Method for determining dynamic blade stresses in rotating turbomachinery

Non-intrusive stress measurement (system), or NSMS, is a method for determining dynamic blade stresses in rotating turbomachinery. NSMS is also known by the names "blade tip timing" (BTT), "arrival time analysis" (ATA), "blade vibration monitoring" (BVM), Beruehrungslose Schaufel Schwingungsmessung (BSSM), and "blade health monitoring" (BHM). NSMS uses externally mounted sensors to determine the passing times of turbomachinery blades. The passing times after conversion to deflections, can be used to measure each blade's vibratory response characteristics such as amplitude/stress, phase, frequency and damping. Since every blade is measured, stage effects such as flutter, blade mistuning, and nodal diameter can also be characterized.

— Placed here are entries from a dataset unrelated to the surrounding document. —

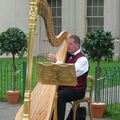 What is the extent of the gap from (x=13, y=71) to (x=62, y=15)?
15.8m

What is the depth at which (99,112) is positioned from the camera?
10547mm

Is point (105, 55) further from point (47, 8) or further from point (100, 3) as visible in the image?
point (100, 3)

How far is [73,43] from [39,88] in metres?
1.02

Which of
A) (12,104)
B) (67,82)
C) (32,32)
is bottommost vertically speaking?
(12,104)

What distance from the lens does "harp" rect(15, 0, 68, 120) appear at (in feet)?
23.0

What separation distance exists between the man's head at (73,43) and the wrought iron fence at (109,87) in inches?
91.8

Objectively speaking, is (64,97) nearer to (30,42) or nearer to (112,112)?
(30,42)

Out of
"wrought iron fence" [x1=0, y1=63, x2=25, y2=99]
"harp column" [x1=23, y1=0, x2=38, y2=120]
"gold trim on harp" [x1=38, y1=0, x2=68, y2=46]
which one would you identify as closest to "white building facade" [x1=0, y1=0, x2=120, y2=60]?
"wrought iron fence" [x1=0, y1=63, x2=25, y2=99]

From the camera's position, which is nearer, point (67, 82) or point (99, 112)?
point (67, 82)

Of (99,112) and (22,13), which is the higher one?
(22,13)

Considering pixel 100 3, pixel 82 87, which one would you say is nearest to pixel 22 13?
pixel 100 3

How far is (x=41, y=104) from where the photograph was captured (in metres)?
8.45

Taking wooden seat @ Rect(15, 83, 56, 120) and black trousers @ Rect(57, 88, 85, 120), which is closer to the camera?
wooden seat @ Rect(15, 83, 56, 120)

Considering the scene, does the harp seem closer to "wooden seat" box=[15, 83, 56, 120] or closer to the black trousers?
"wooden seat" box=[15, 83, 56, 120]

The measurement method has been used successfully in all stages of the gas turbine engine (fan, compressor, and turbine) and on other turbo-machinery equipment ranging from turbochargers to rocket pumps. The ability to apply the technology to a given situation is dependent upon a sensor type that can meet the environmental requirements.

==Method==
A set of sensors is used to measure the arrival times of rotating blades. These arrival times, in comparison to a baseline, are used to determine blade deflections. The blade deflections over a number of revolutions and/or across a number of sensors can be used to determine vibratory characteristics. This information, in conjunction with a finite element model (FEM), can then be used to determine the dynamic stresses in a rotating part.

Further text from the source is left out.